Bisnis.com, JAKARTA - Ekonom Senior Institute for Development of Economics (Indef) Faisal Basri mengatakan penghambat utama investasi selama ini adalah korupsi dan birokrasi pemerintahan yang tidak efisien.
Oleh karena itu, tidak tepat jika pemerintah menyelesaikan masalah dengan Omnibus Law Cipta Kerja. Dengan landasan yang keliru, maka Omnibus Law dinilai tidak memiliki pijakan yang kuat.
"Yang paling membuat pening kepala para investor adalah korupsi dan birokrasi pemerintahan yang tidak efisien, sedangkan urusan ketenagakerjaan berada pada urutan kesebelas," katanya dalam keterangan tertulis, Jumat (9/10/2020).
Dalam Executive Opinion Survey 2017, yang dikutip Faisal Basri, masalah korupsi memang berada di urutan pertama. Sementara itu, urusan ketenagakerjaan berada di urutan sebelas.
Faisal menjelaskan, kinerja investasi mengalami pertumbuhan yang tinggi dalam beberapa tahun terakhir, bahkan tertinggi pada periode pemerintahan Presiden Joko Widodo.

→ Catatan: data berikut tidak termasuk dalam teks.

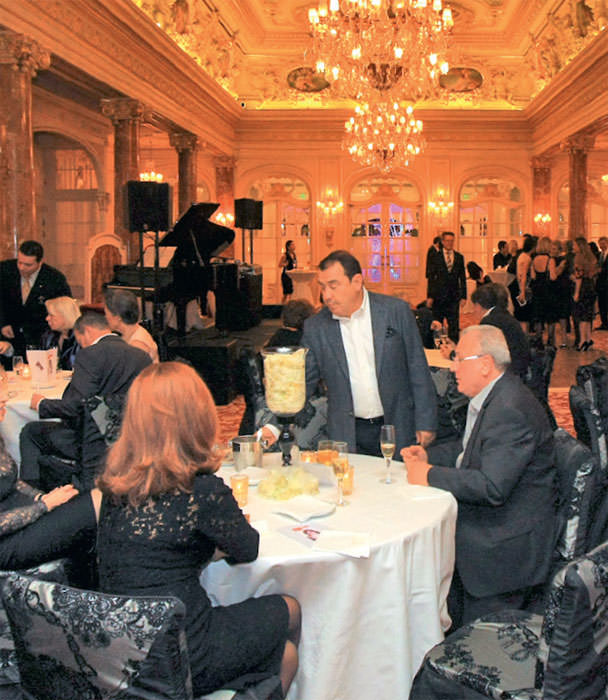 Hülya Biren 50. yaşını Monte Carlo'da kutladı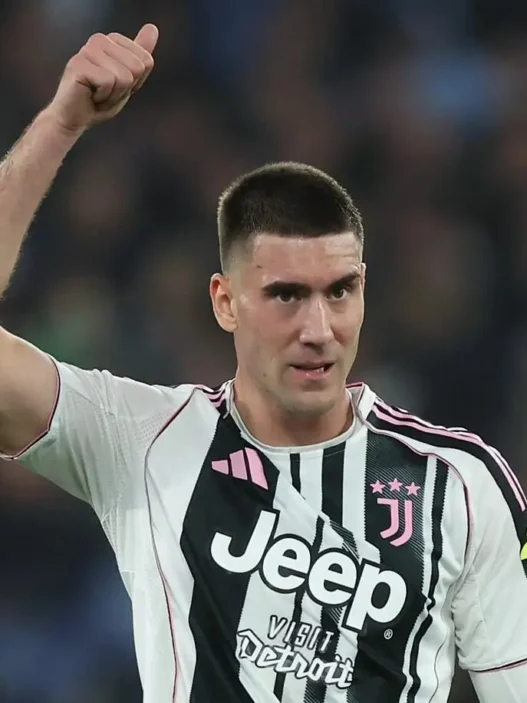 Dusan Vlahovic saluta la Juventus: "Sarete per sempre parte della mia vita"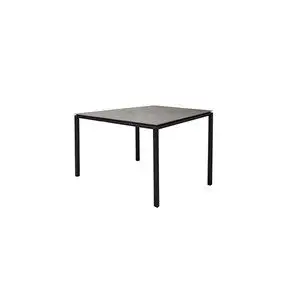 Mørkt, minimalistisk firkantet bordunderstel med lige ben og enkel, moderne stil fra Cane-line.
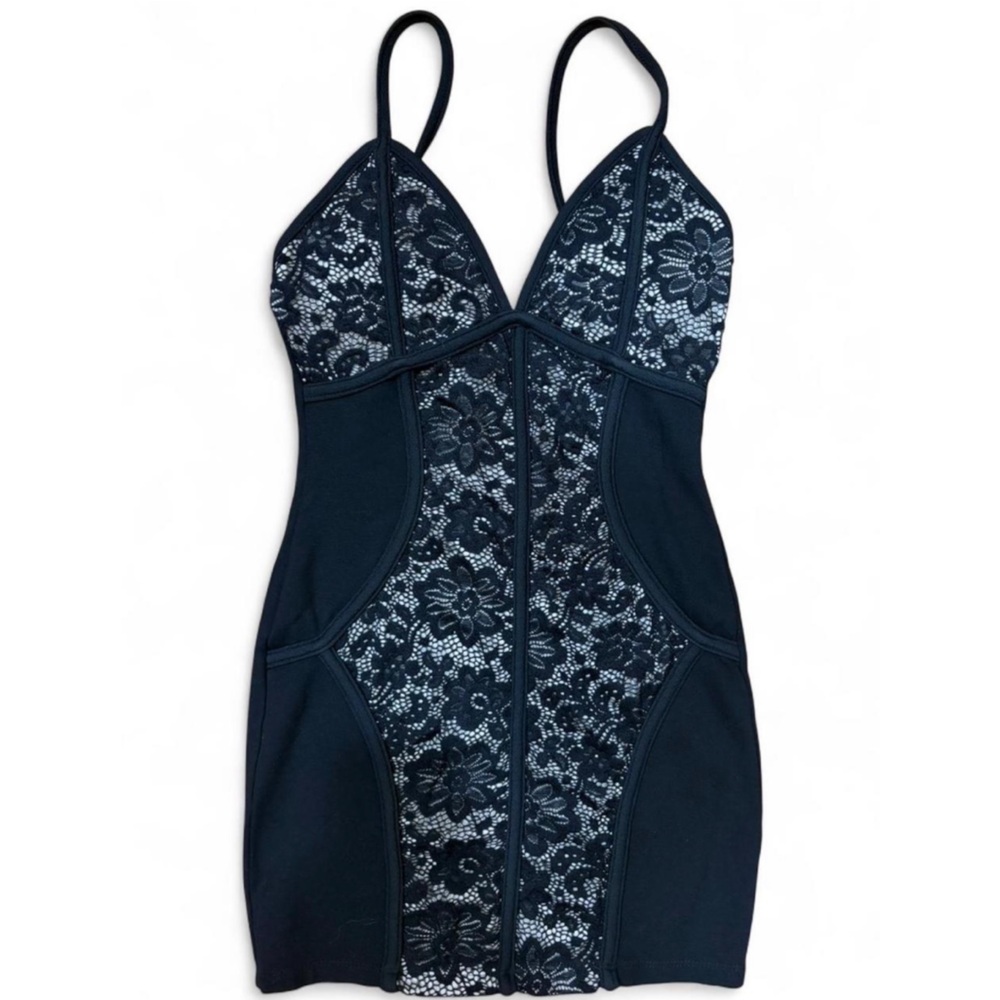 Black lace bodycon dress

Namun, yang menjadi masalah adalah pertumbuhan investasi yang tinggi tersebut tidak dibarengi dengan hasil yang tinggi juga. Hal inilah yang menurut Faisal harus dicarikan obat mujarabnya.
Baca Juga
"Ibarat anak di usia pertumbuhan yang dapat asupan bergizi, tetapi mengapa berat badannya tidak naik? Boleh jadi banyak cacing di perut anak itu," tuturnya.
Faisal mengibaratkan cacing sebagai tindakan-tindakan korup yang menyedot darah dan energi perekonomian. Uang hasil korupsi dilarikan ke luar negeri dan atau digunakan untuk hal-hal yang tidak produktif.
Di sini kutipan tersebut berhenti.